_Short descriptive text snippets_:
━━━━━━━━

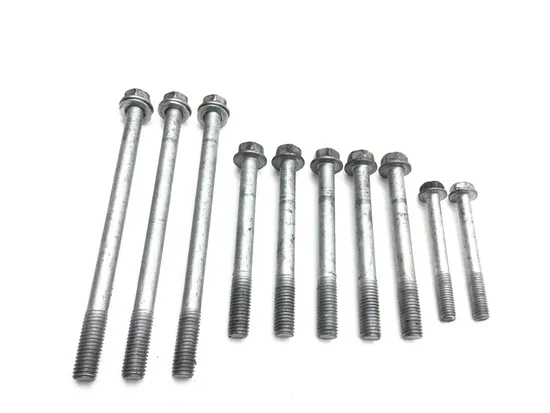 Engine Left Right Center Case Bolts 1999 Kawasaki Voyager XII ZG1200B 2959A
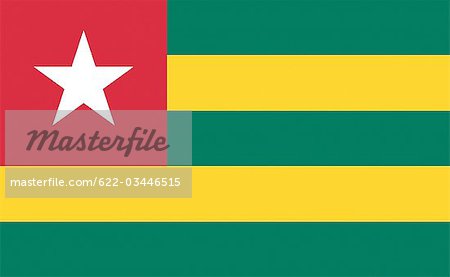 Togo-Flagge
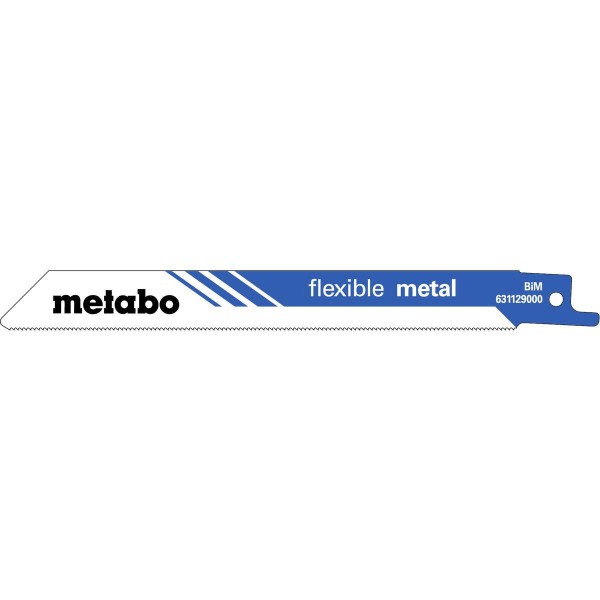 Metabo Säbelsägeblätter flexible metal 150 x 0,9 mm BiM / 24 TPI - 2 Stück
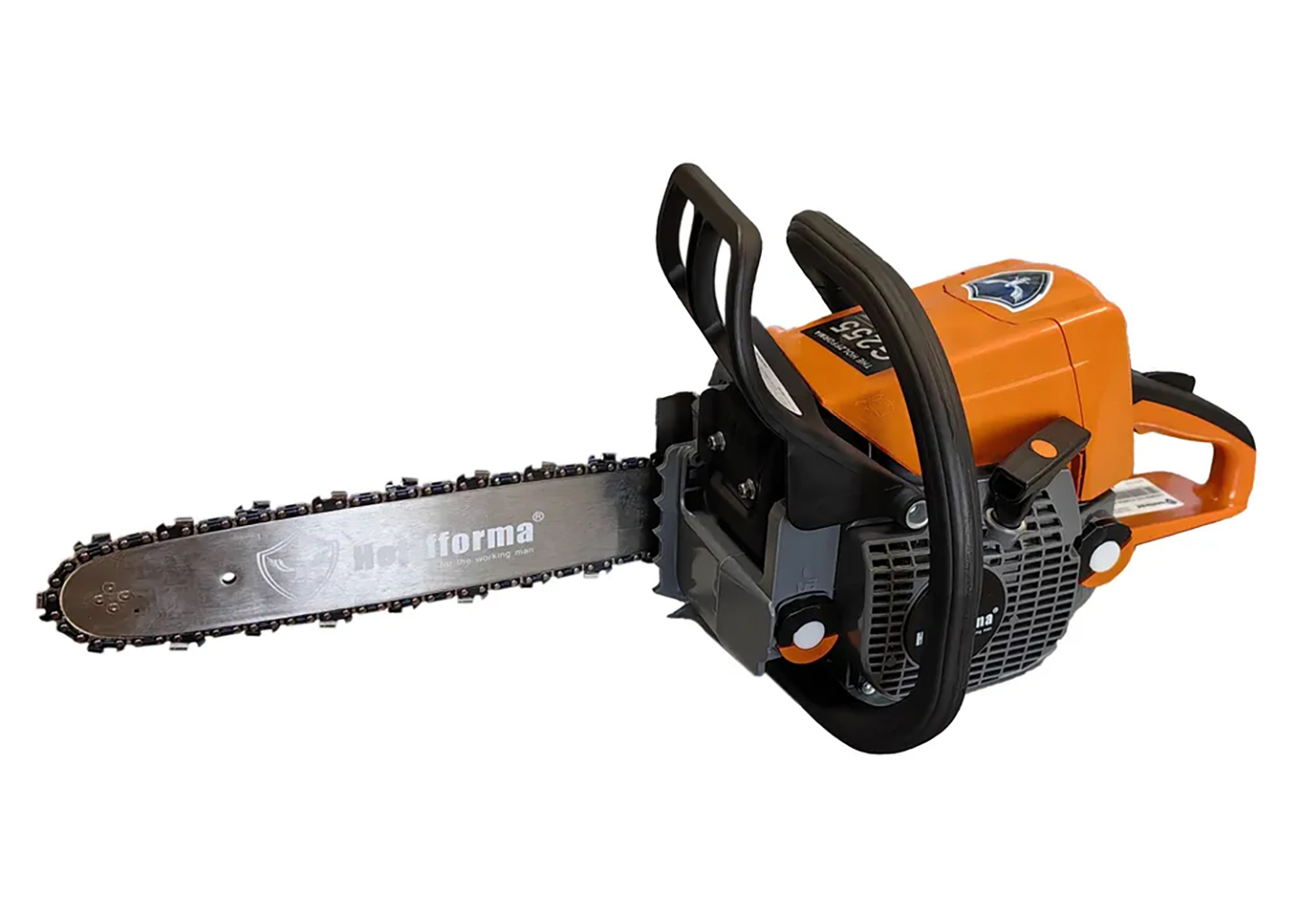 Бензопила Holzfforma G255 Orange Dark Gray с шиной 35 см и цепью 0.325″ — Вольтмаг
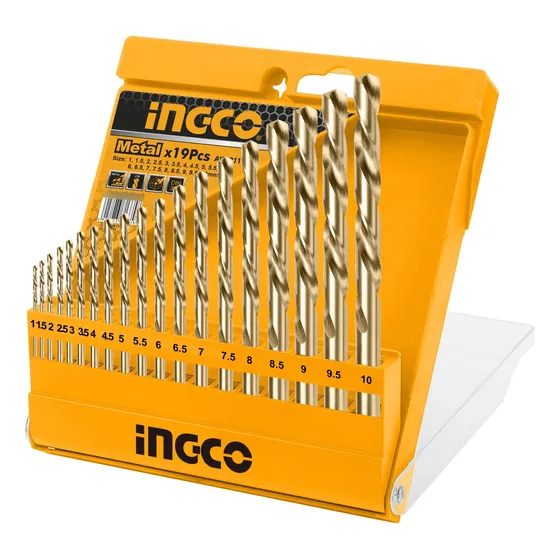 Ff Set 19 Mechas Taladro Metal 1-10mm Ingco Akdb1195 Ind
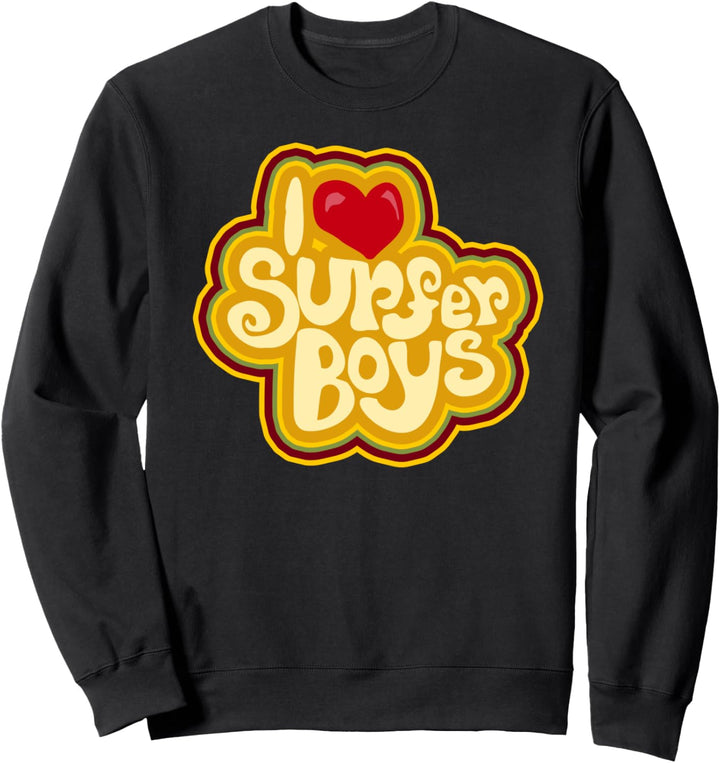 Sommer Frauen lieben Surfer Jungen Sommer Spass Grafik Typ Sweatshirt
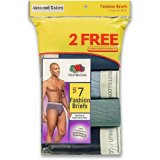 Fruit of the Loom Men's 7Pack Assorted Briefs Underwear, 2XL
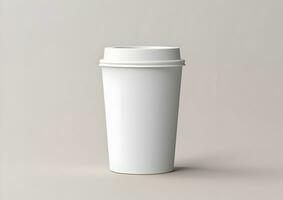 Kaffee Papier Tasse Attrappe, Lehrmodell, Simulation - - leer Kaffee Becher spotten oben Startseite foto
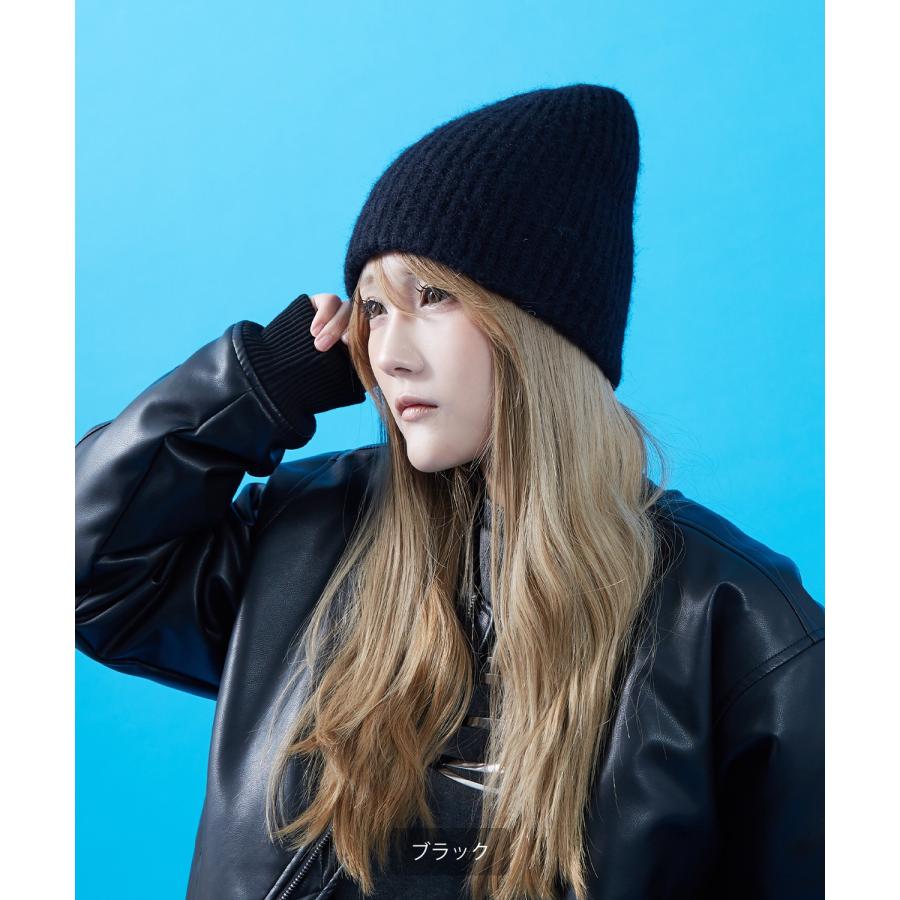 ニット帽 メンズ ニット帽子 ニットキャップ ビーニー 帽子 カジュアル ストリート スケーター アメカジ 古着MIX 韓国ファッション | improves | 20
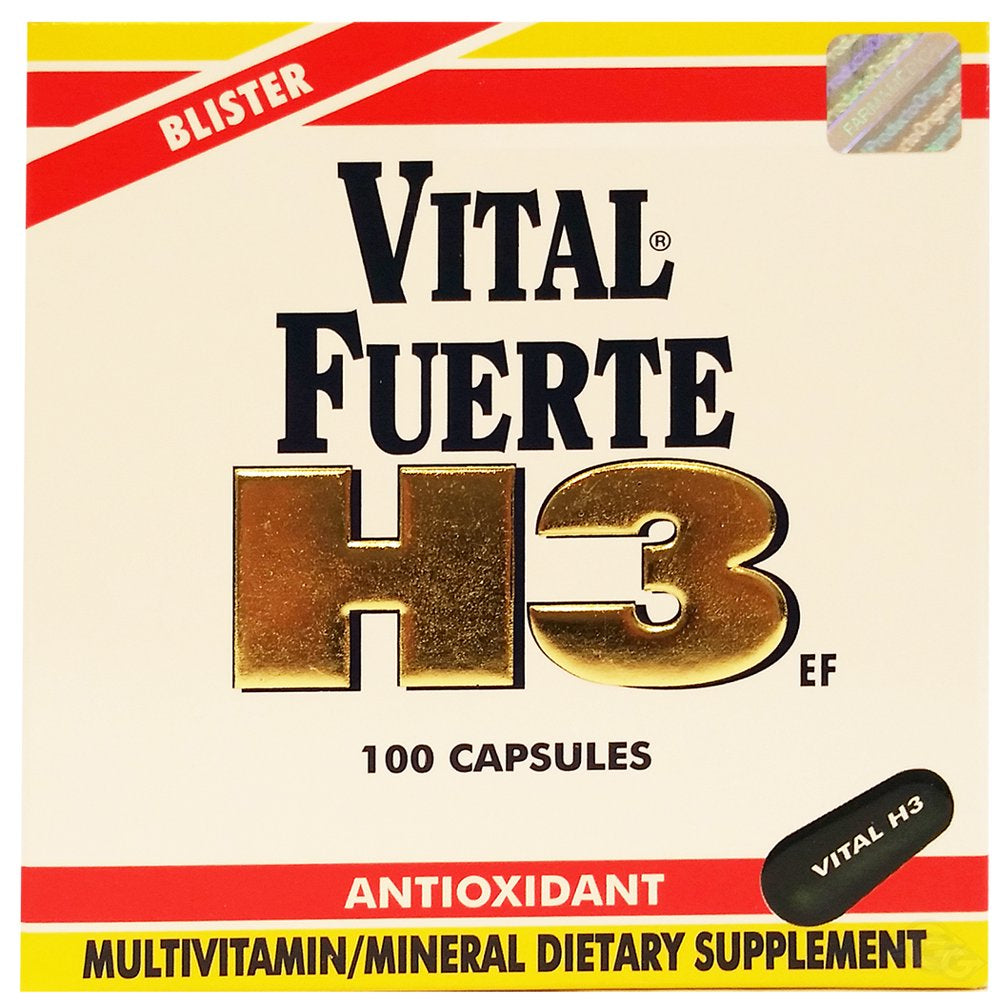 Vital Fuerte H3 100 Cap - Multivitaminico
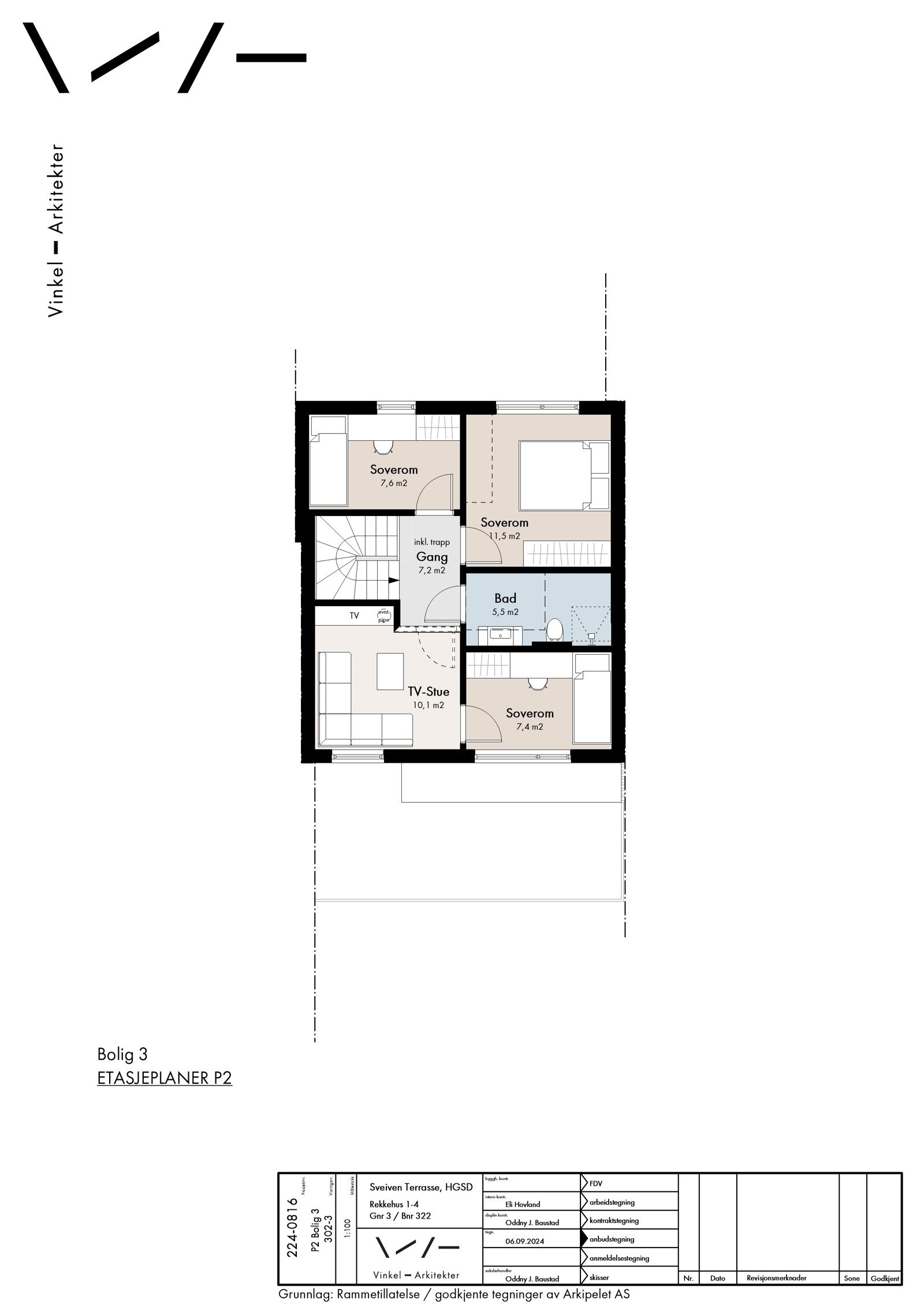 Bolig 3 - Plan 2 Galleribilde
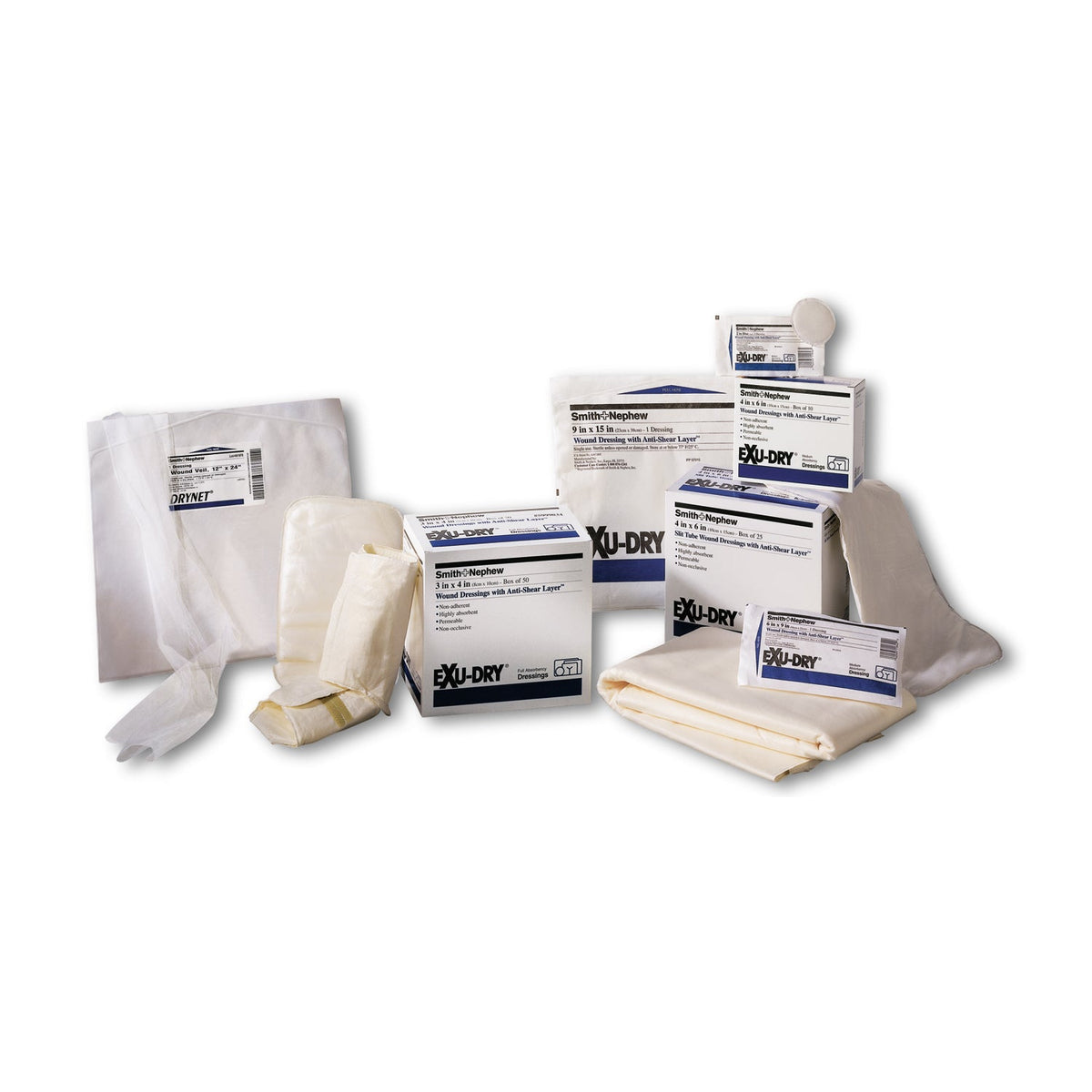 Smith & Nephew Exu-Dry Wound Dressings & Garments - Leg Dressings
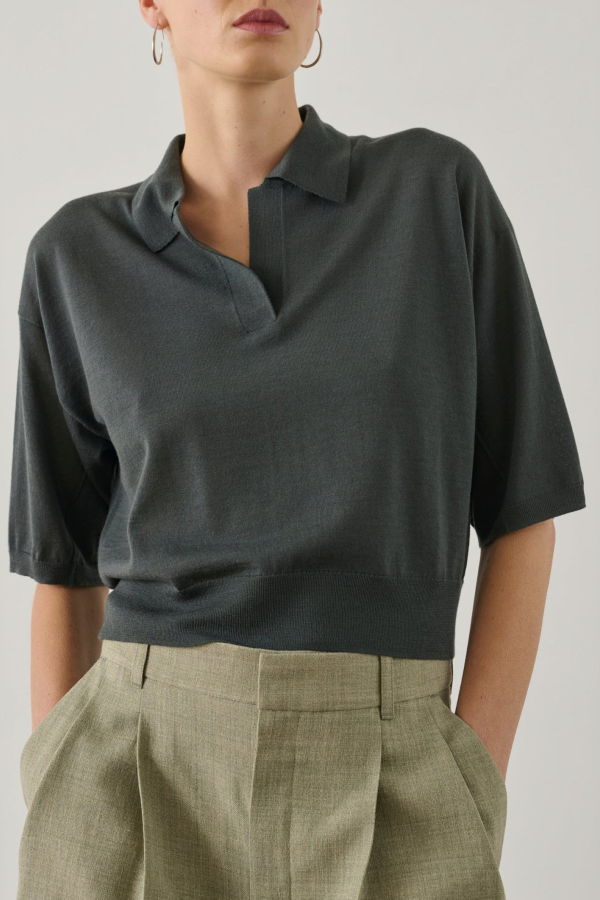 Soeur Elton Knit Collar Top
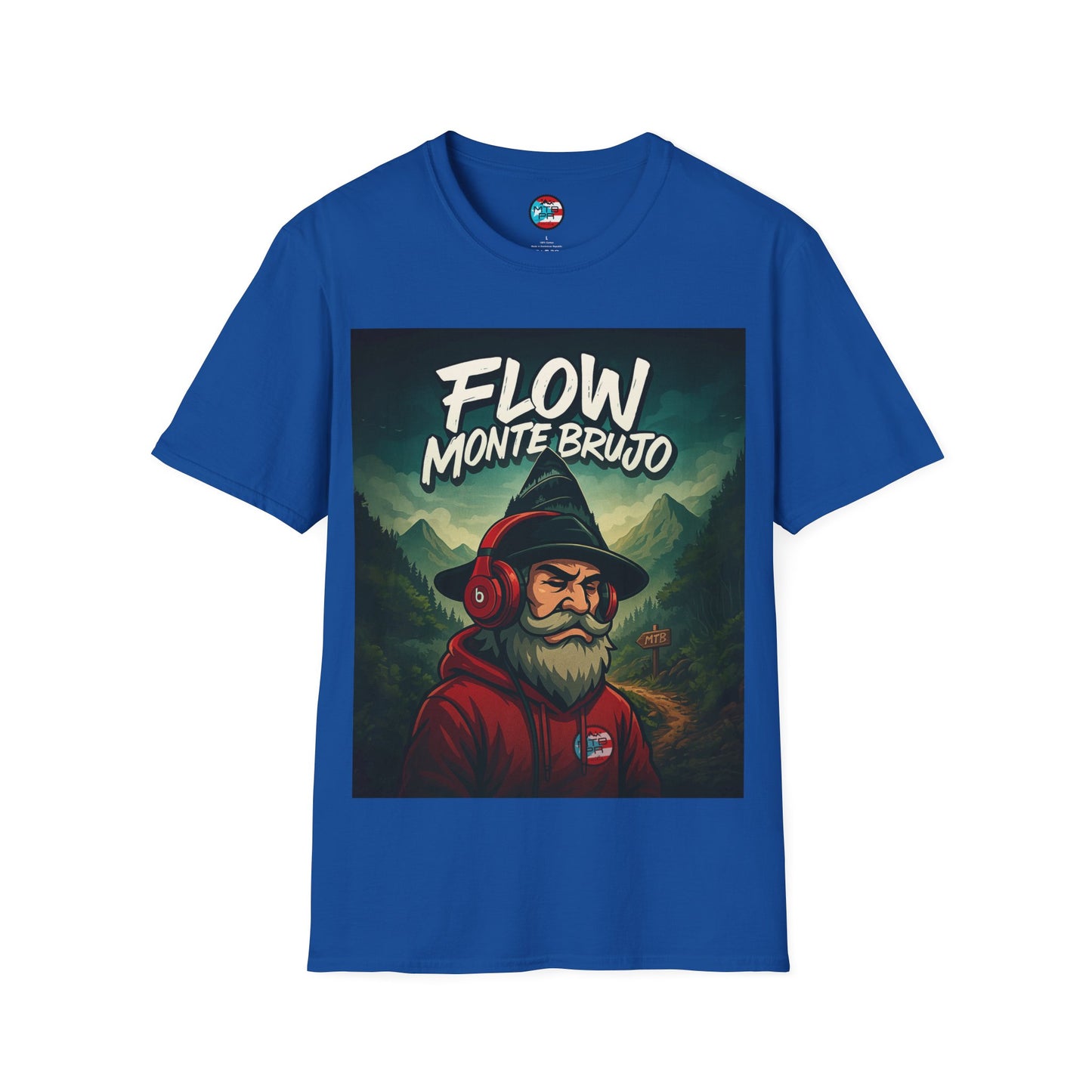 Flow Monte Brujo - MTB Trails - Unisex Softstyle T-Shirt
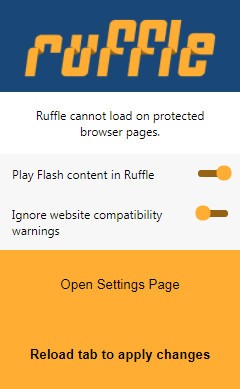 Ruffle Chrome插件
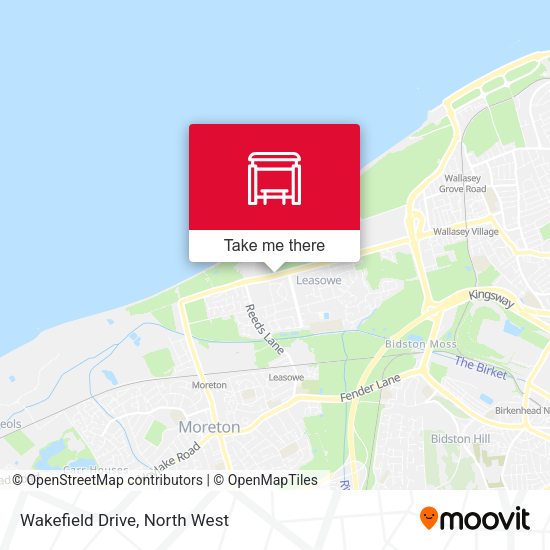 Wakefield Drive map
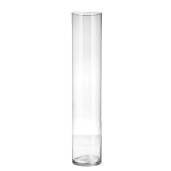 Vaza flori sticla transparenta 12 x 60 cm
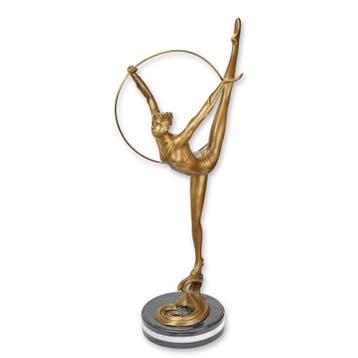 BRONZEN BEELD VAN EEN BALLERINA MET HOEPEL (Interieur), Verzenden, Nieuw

━━━━━━━━

_Try it_: The lines above from the line with "Бензопила Holzfforma G255" through the line with "Fruit of the" are to be given again word for word, with no pictures among them.

_Written response_:
 Бензопила Holzfforma G255 Orange Dark Gray с шиной 35 см и цепью 0.325″ — Вольтмаг
 Ff Set 19 Mechas Taladro Metal 1-10mm Ingco Akdb1195 Ind
 Sommer Frauen lieben Surfer Jungen Sommer Spass Grafik Typ Sweatshirt
 Fruit of the Loom Men's 7Pack Assorted Briefs Underwear, 2XL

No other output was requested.